Your copy should start at the line with "SYSTEM-S USB 2.0" and end at the line with "Peanuts x Célavi" in the data below. Transcribe only those lines, exactly, pictures excluded.

### Entries provided

= = = =

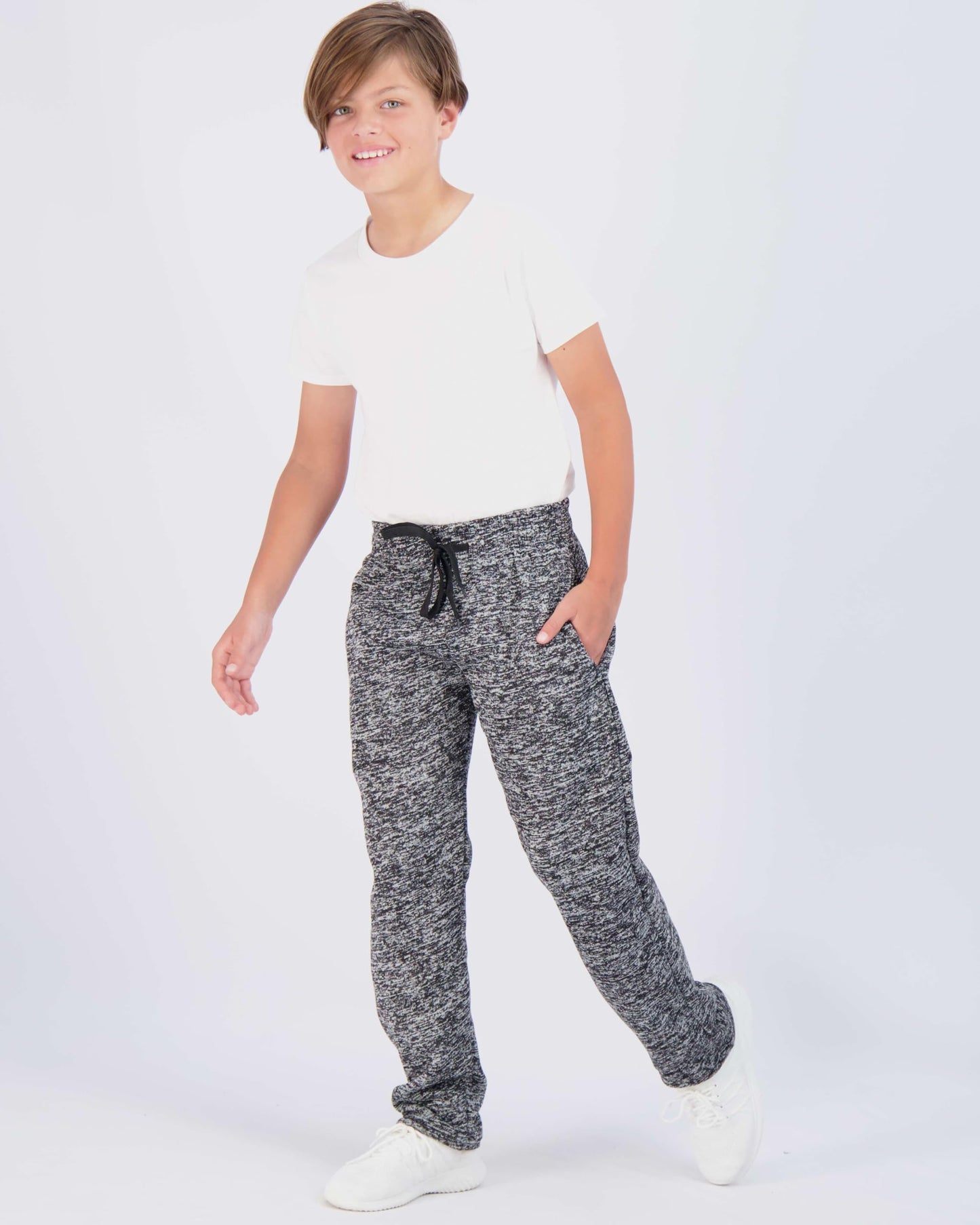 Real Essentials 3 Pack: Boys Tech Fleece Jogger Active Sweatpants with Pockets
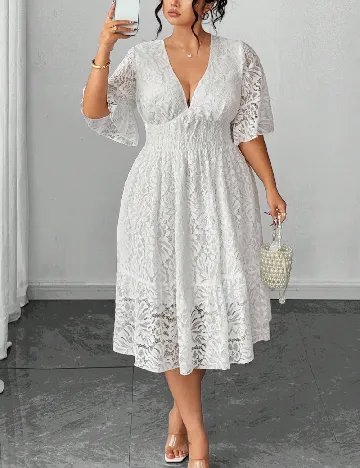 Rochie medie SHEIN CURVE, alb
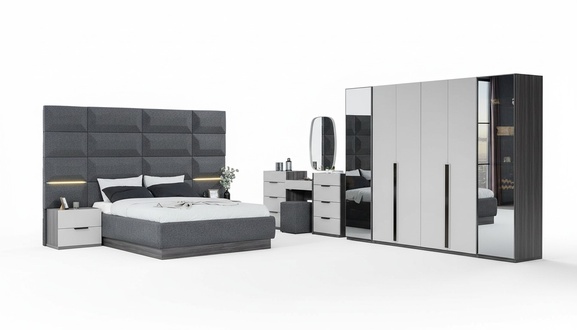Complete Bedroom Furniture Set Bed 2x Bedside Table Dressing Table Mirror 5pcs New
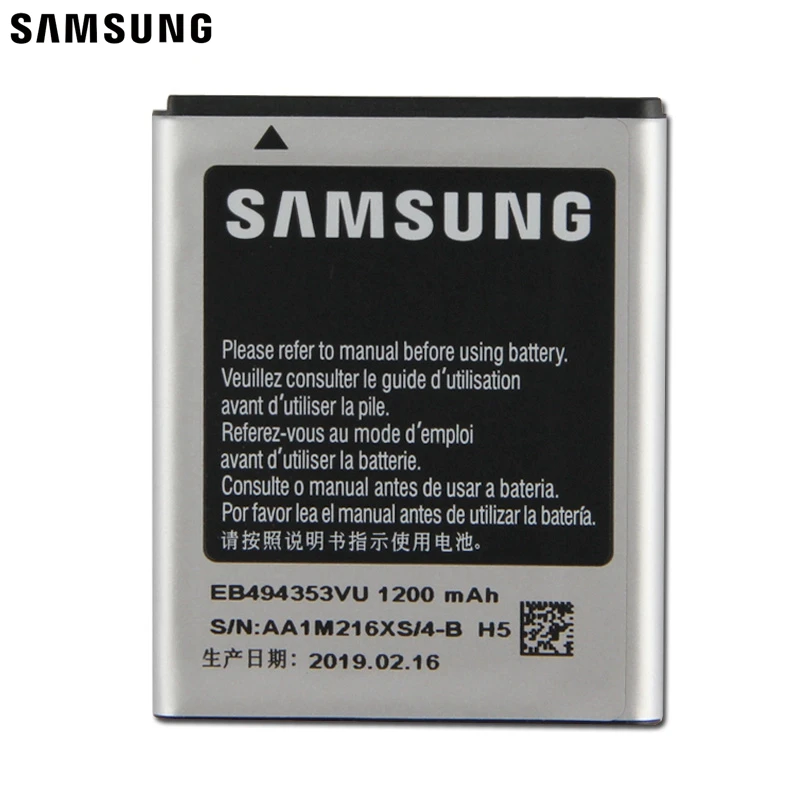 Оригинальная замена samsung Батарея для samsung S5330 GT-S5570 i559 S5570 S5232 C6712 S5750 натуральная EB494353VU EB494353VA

= = = =

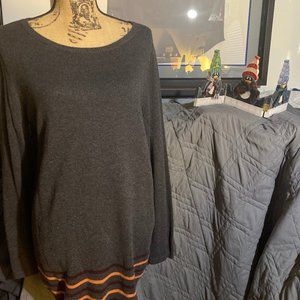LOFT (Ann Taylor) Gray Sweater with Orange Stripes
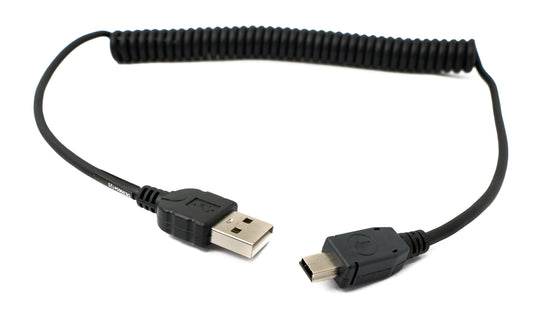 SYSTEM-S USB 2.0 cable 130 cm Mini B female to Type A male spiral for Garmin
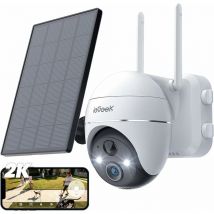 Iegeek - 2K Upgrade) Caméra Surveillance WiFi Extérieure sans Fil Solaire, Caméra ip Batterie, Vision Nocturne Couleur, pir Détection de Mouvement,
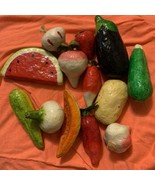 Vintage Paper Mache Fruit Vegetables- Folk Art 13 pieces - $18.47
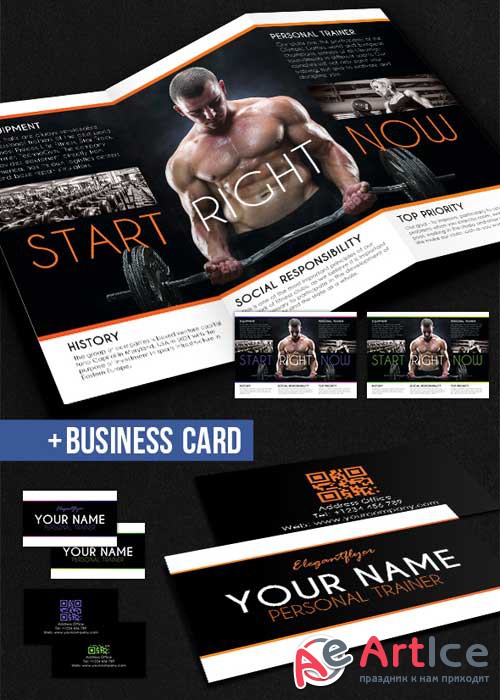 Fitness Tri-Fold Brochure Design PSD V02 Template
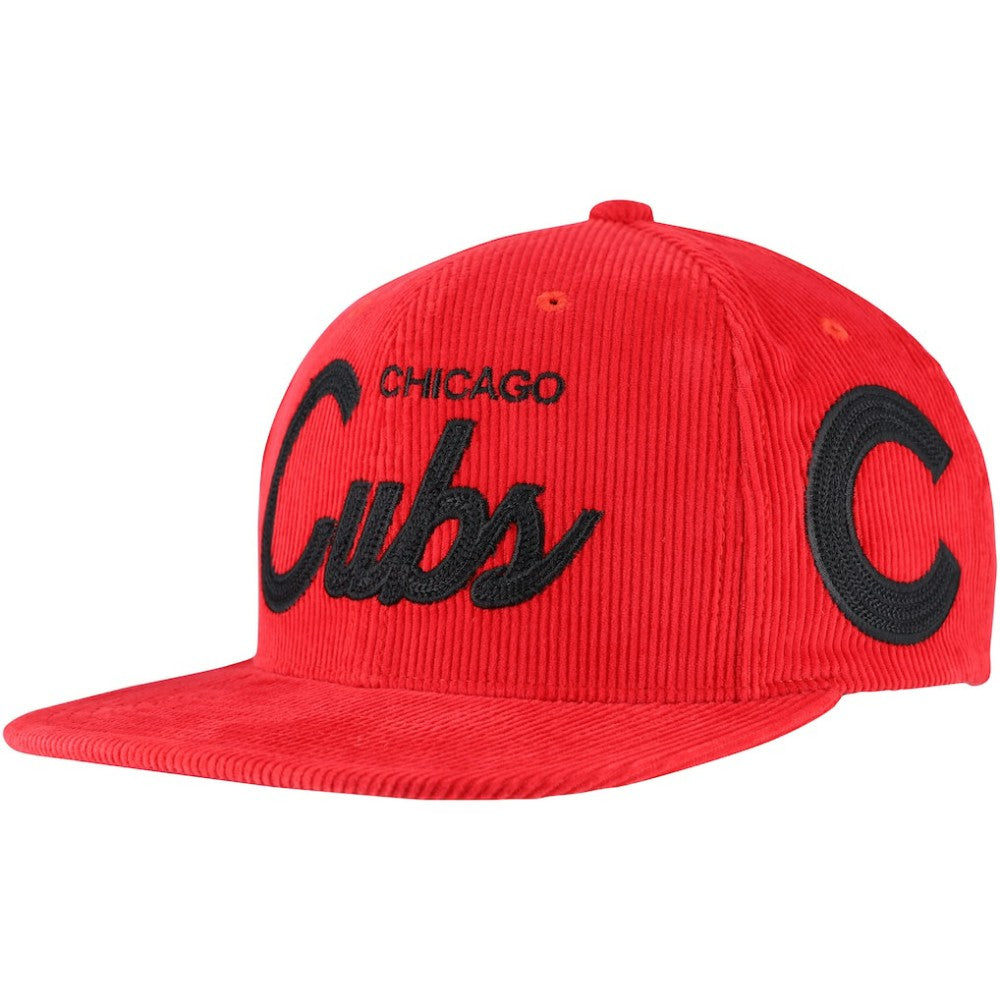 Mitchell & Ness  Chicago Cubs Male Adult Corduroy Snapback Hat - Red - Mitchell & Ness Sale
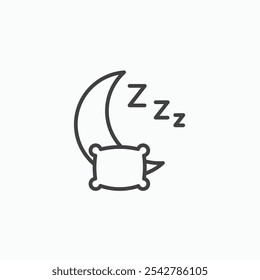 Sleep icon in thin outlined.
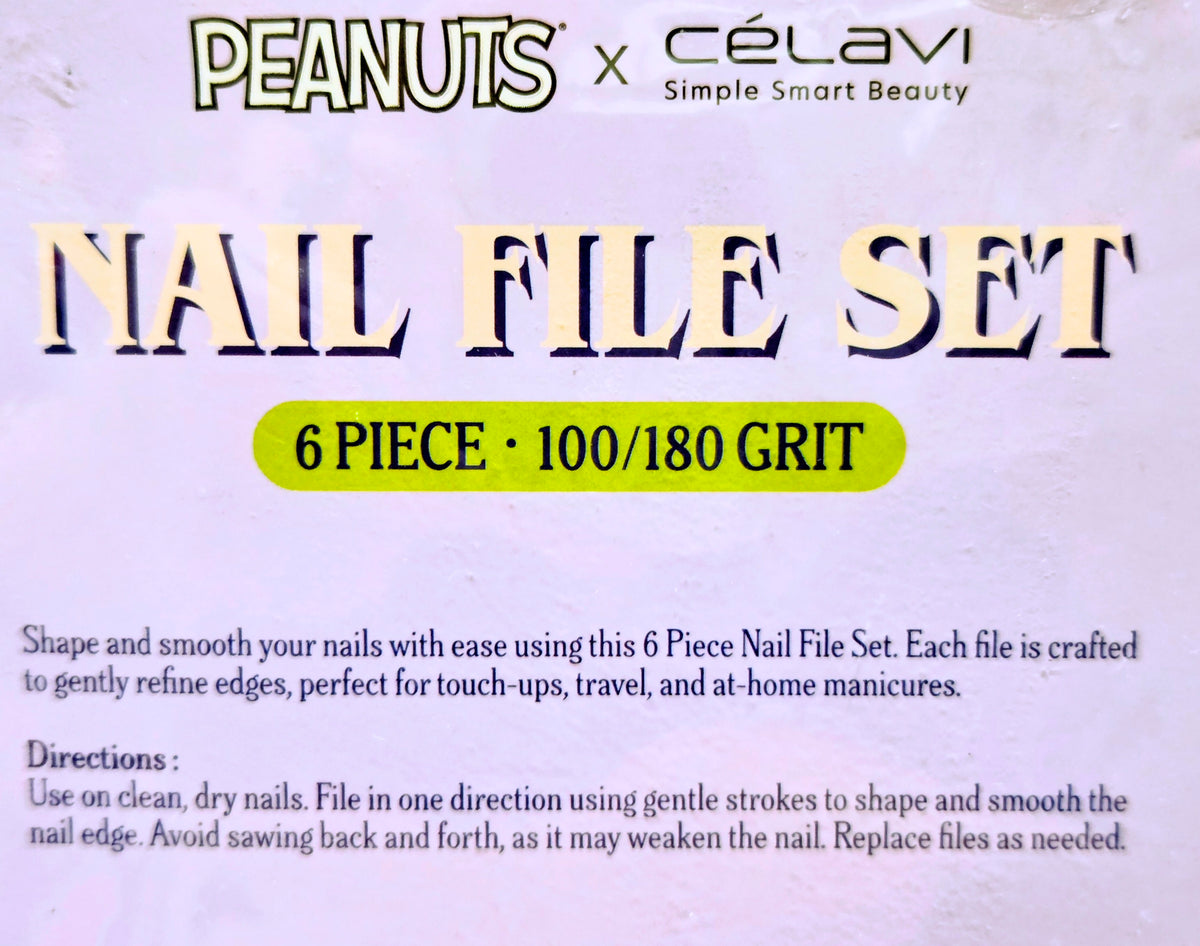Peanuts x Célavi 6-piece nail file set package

= = = =

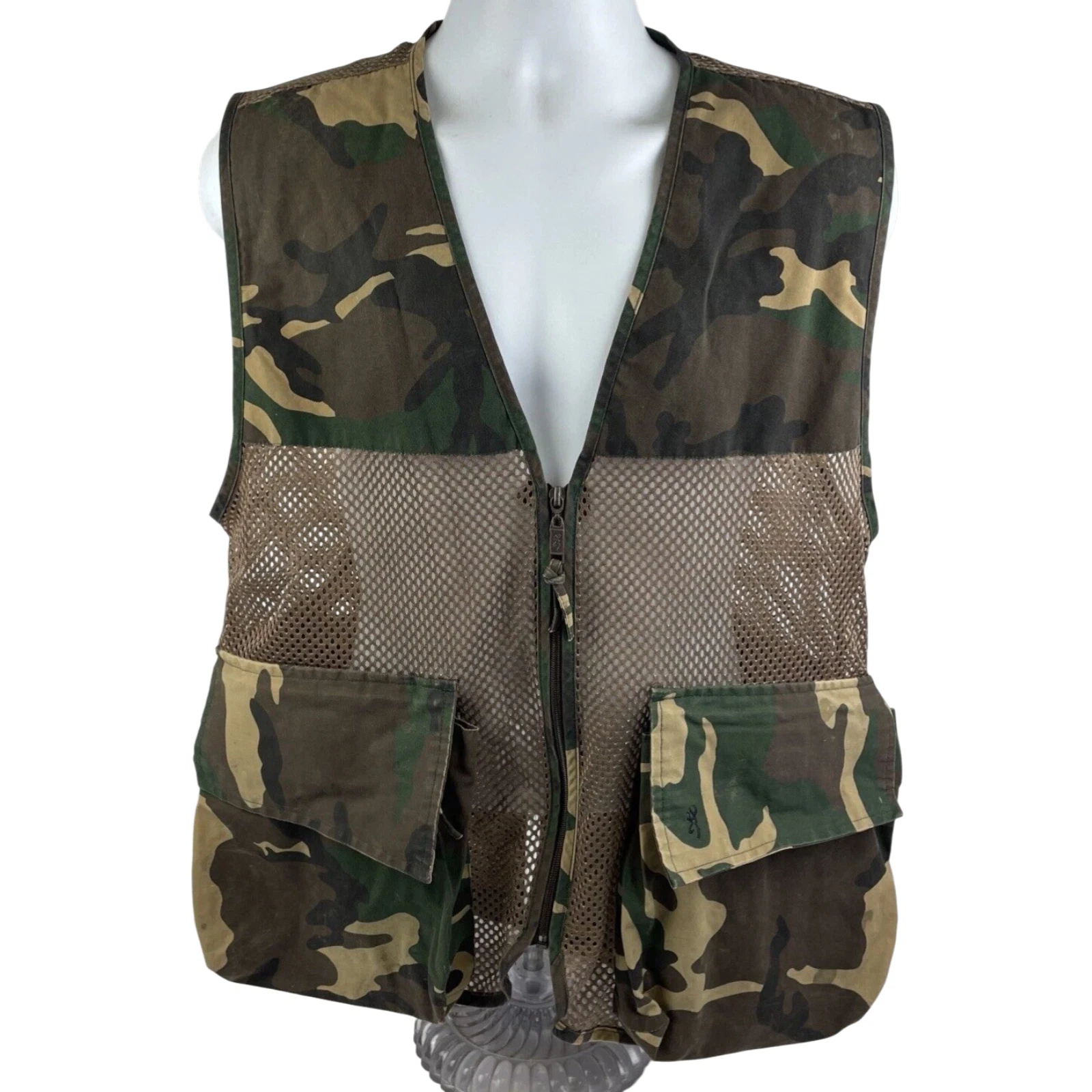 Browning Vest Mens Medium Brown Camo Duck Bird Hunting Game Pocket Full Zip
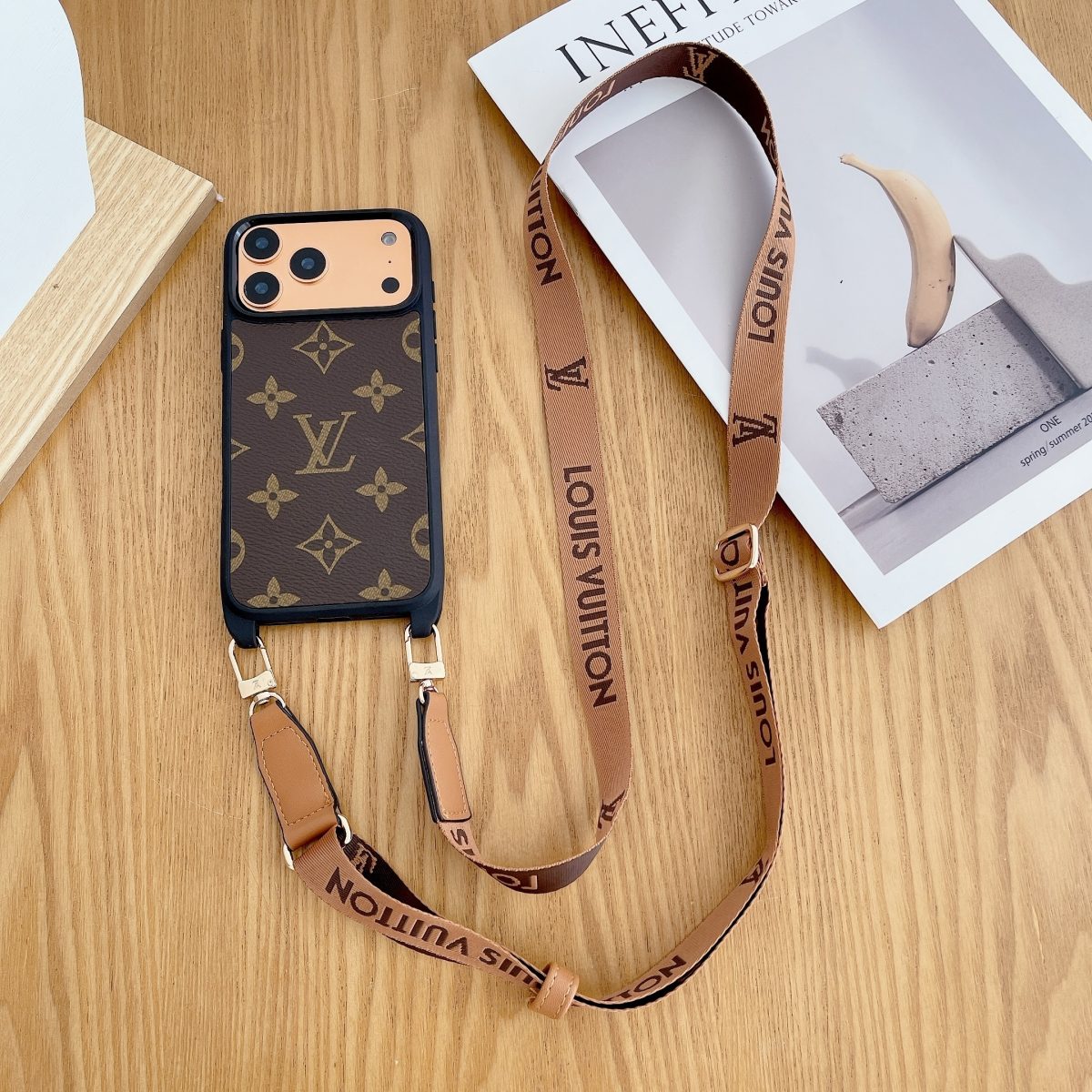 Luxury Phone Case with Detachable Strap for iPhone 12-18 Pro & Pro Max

= = = =

### Result of the exercise
 SYSTEM-S USB 2.0 cable 130 cm Mini B female to Type A male spiral for Garmin
 Iegeek - 2K Upgrade) Caméra Surveillance WiFi Extérieure sans Fil Solaire, Caméra ip Batterie, Vision Nocturne Couleur, pir Détection de Mouvement,
 Vintage Paper Mache Fruit Vegetables- Folk Art 13 pieces - $18.47
 Fitness Tri-Fold Brochure Design PSD V02 Template
 Mitchell & Ness  Chicago Cubs Male Adult Corduroy Snapback Hat - Red - Mitchell & Ness Sale
 Sleep icon in thin outlined.
Peanuts x Célavi 6-piece nail file set package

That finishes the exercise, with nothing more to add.